INCREMENTAL UPDATING AND VERSIONING

Antony Cooper

icomtek, CSIR, PO Box 395 Pretoria, 0001, South Africa

Facsimile: +27 12 841 4720

Ammatzia Peled

Department of Geography, University of Haifa, Haifa, 31905, Israel

Facsimile: +972 4 824 6814

Abstract

A user of geographical data invariably compiles their data base using core data sets obtained from various sources. They then integrate these together to meet their particular needs and build their own, value-added data and topology on top. The user’s concern is their value-added data and maintaining their integrity, quality and spatial referencing. However, the core data provide them with a crucial spatial framework for their value-added data. As geographical data are dynamic, most suppliers of core data sets maintain and update their data. Such updates could be continuous (eg: telemetry), periodic (eg: daily, monthly or annually), part of a planned update cycle (eg: for a national mapping series), when the amount of changes crosses a threshold, or by special request (eg: census or election).

Historically, these updates have been provided to the end user in bulk, as a new data set to replace the old one. The user could ignore the update (if it is not significant enough), use it to manually (and selectively) update their data base, or accept the whole update in toto - and have to re-integrate it with their other core data sets and rebuild their value-added data and topology.
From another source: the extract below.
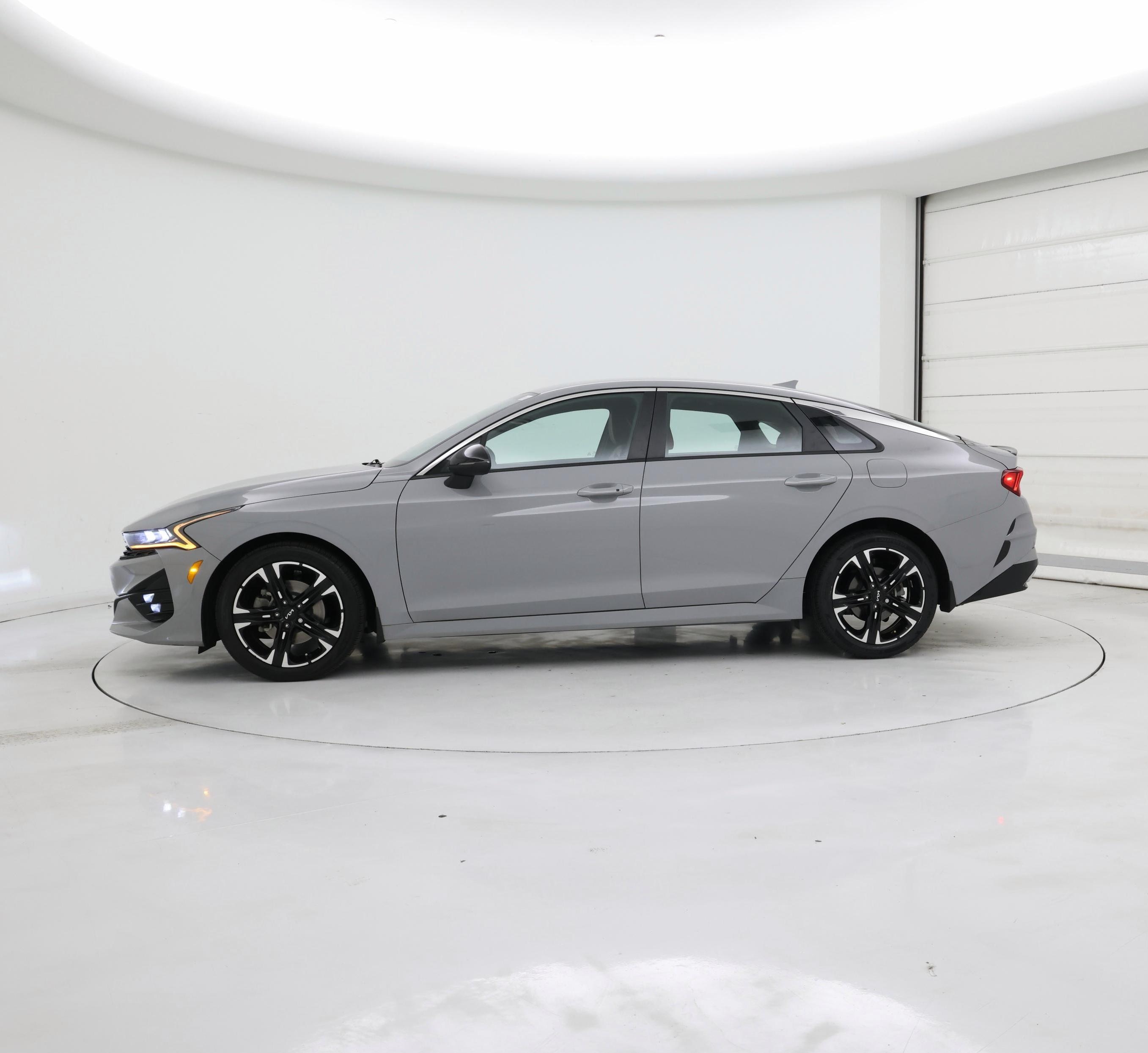 Thumbnail: 2023 Kia K5 - 3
They would also have to understand how any changes, aggregations, sub-divisions, additions or deletions might affect the geocoding or referencing of their value-added data, such as through the loss or change of an unique identifier.

The user would also need to track all the different versions they have received and used, to ensure that they implement the updates in the correct order, that they do not re-implement updates or that they do not miss updates. Unlike software, a user might need to keep several different versions of the same data set and even use them together simultaneously, such as for time series analysis.

This presentation will outline this problem of incremental updating (providing updates successively to users) and versioning (keeping track of different versions of a data set), and will attempt to provide a conceptual framework of the issues, such as:

The data set’s temporal domain – the currency or validity of the data, which can be dependent on the scale of the data;

The cartographer’s temporal domain – the period of validity of the cartographer’s knowledge and understanding of the data;

Using knowledge of the data set’s and cartographer’s temporal domains to resolve disputes and for historical research;

Long transactions and parallel updates;

When a change should be registered; and

How incremental updating and versioning benefits the data producer.

1. What do we mean by incremental updating and versioning?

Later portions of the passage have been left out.